Ainda que se possa fazer críticas por condutas individuais em relação à Lava Jato, é inquestionável que temos corrupção de grosso calibre no Brasil e que existe uma grande expectativa por parte da sociedade para que haja enfrentamento corajoso, prioritário e criterioso destes desvios, que não podem ser encarados da mesma maneira que a criminalidade de varejo, sob pena de termos resultados ineficientes e frustrantes.
Passadas as eleições de 2024, estamos às voltas com as questões gravíssimas inerentes às emendas parlamentares, no campo do orçamento público, assim como na iminência de termos a votação do desmonte da Lei da Ficha Limpa.

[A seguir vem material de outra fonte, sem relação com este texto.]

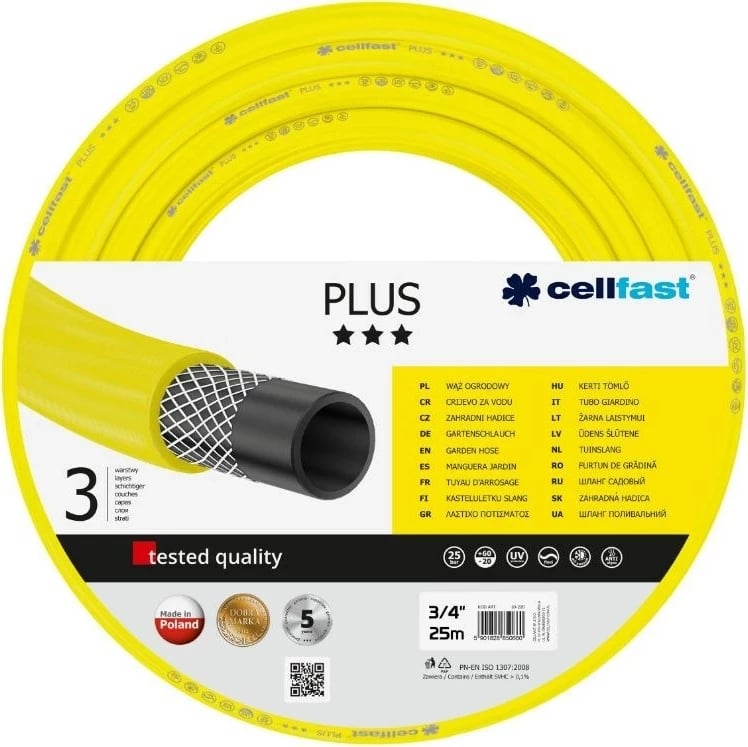 Zorrë kopshti Cellfast PLUS 3/4", 25m, e verdhë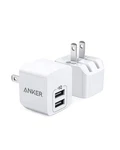 Anker 2-PACK Dual Port 12W Usb Charger Block With Foldable 2PACK, White. Fixed Price $24.24.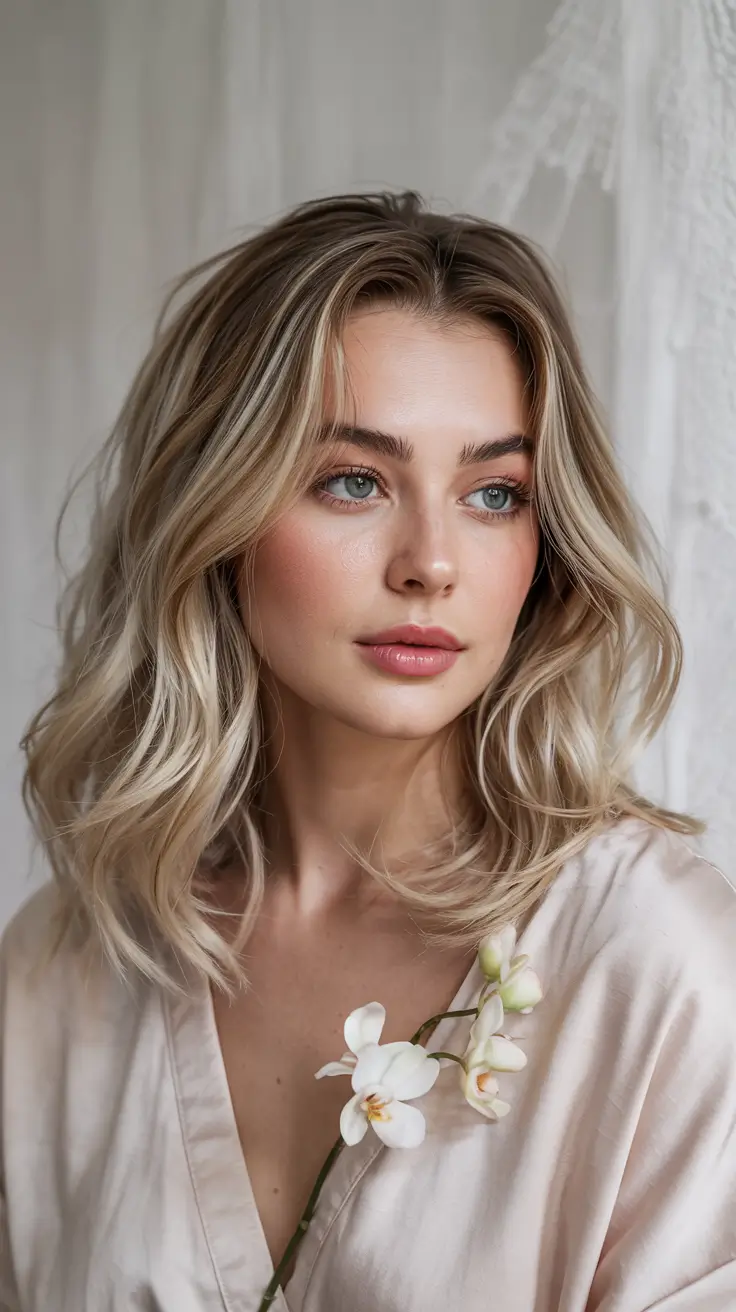 Hair Color Ideas 2026 Champagne Blonde with Light Root Shadow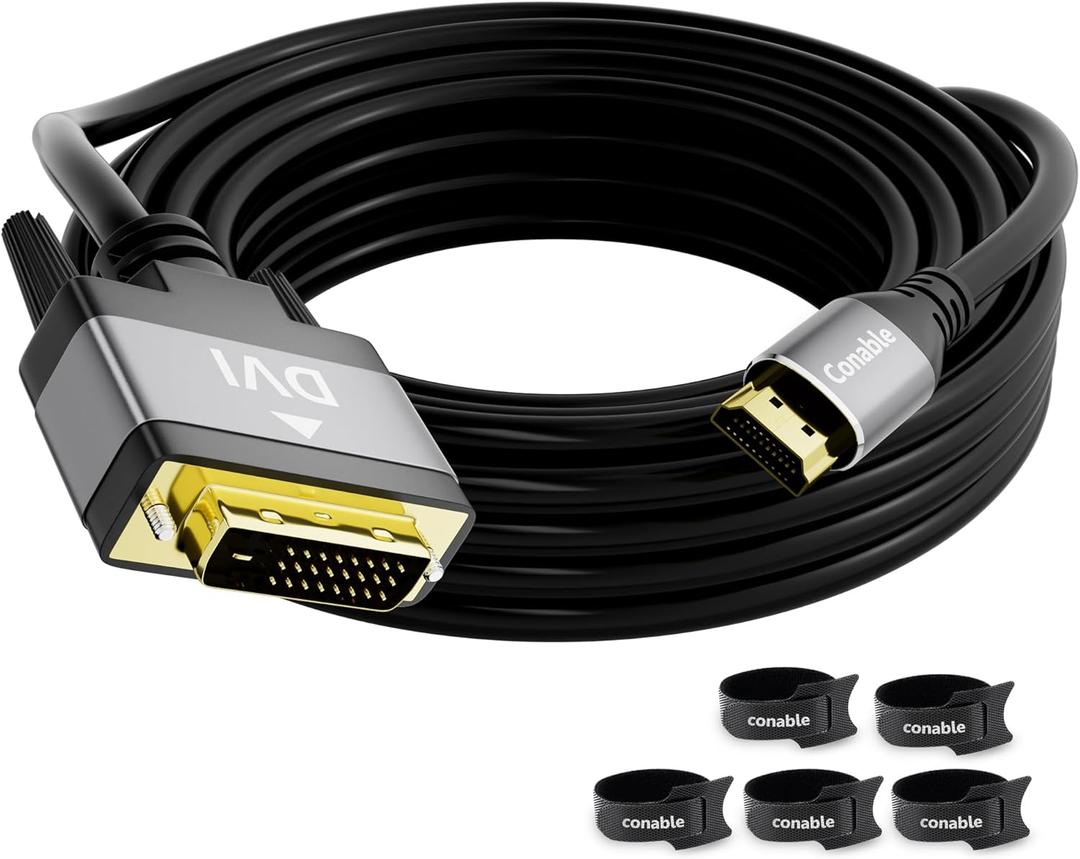 HDMI to DVI Cable 25FT, Bi-Directional DVI to HDMI Male to Male Cord, HDMI A to DVI-D Adapter, Gold-plated Connectors, Aluminum Shells, 1080P, for Computer, Monitor, Projector, Raspberry Pi, Xbox, PS3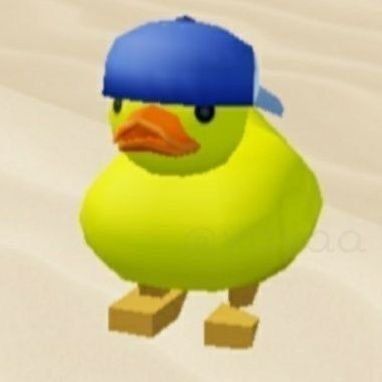 A 3D rendered yellow rubber duck wearing a blue baseball cap backwards, standing on small yellow block-like feet.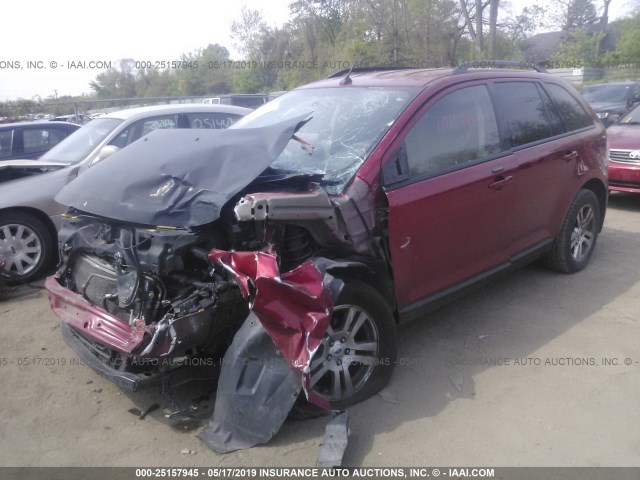 2FMDK38C98BA70291 - 2008 FORD EDGE SEL RED photo 2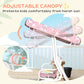 Qaba adjustable canopy for kids porch swing bench with pink unicorn fabric cover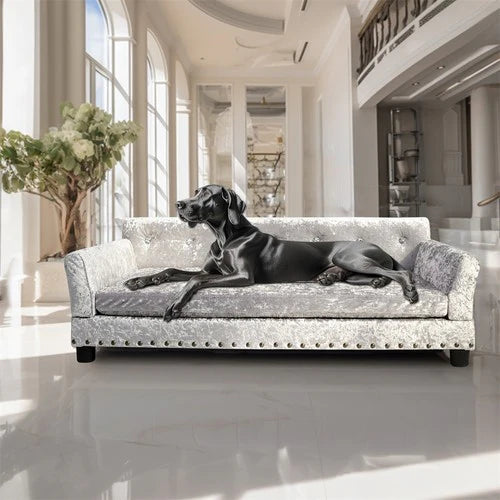 Deluxe Velvet Dog Sofa Bed 96cm | Memory Foam Pet Couch Large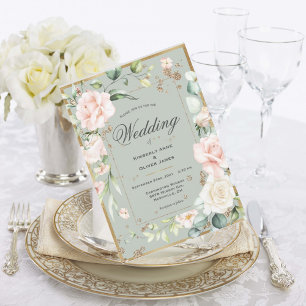 Invitation Aquarelle Verte Gold Sage Mariage floral romantiqu
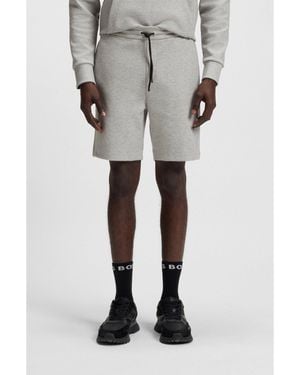 BOSS Cotton-Blend Shorts With Stripe Details - Grey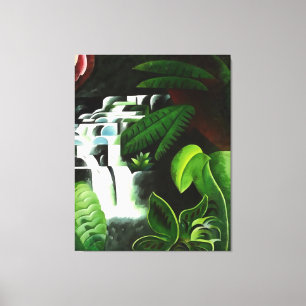 Toile Cascade De Forêt Verdoyante En Style Art Géométriq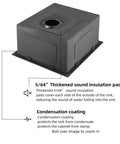 Bottom view of drop in kitchen sink single bowl workstation stainless steel 16 gauge black with sound insulation and condensation coating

Num dos maiores furos jornalísticos da história recente, foi revelado o chamado “orçamento secreto”, mostrando-se que dezenas de bilhões do orçamento público são manipulados pelo Congresso, numa total e absoluta deturpação do desenho constitucional que atribui tais papéis para o Executivo.
Em recente pesquisa divulgada pelo Insper, escancarou-se a discrepância brasileira neste quesito em relação aos países da OCDE, em que inexiste tal manipulação. O STF, observando a Constituição, acolheu pedidos de Abraji, Psol e PGR (Procuradoria Geral da República) e determinou a rastreabilidade e o apontamento prévio da destinação das verbas em emendas e vedação de cruzamento de recursos para unidade para qual não pertença o congressista, o que desagradou o Congresso.
O desagrado se explica: 93% dos maiores beneficiários de emendas PIX foram reeleitos, evidenciando-se o peso deste fator nas eleições, sendo que tivemos um aumento de 14 vezes na apreensão de recursos relacionados à corrupção eleitoral nestas últimas eleições municipais, o que mostra a importância de amplificarmos o trabalho de esclarecimento em relação à danosidade da venda do voto para a sociedade.
O Senado a qualquer momento pode votar o PLP 192 de 2023 para enfraquecer a Lei da Ficha Limpa, uma das pouquíssimas leis em vigor oriundas da iniciativa popular, que avançou sem qualquer debate democrático.
Tanto na Câmara como no Senado tem crescido a quantidade de urgências de votação, que são feitas sem audiência pública. Em 2008, foram 22 urgências no ano todo e, se prosseguirmos neste ritmo, teremos 400 em 2024, empobrecendo a democracia. Nestes 20 anos, infelizmente, o balanço não é positivo em relação ao controle da corrupção, sendo absolutamente imprescindível que revertamos de imediato esta tendência nefasta, que prejudica o interesse público e a sociedade.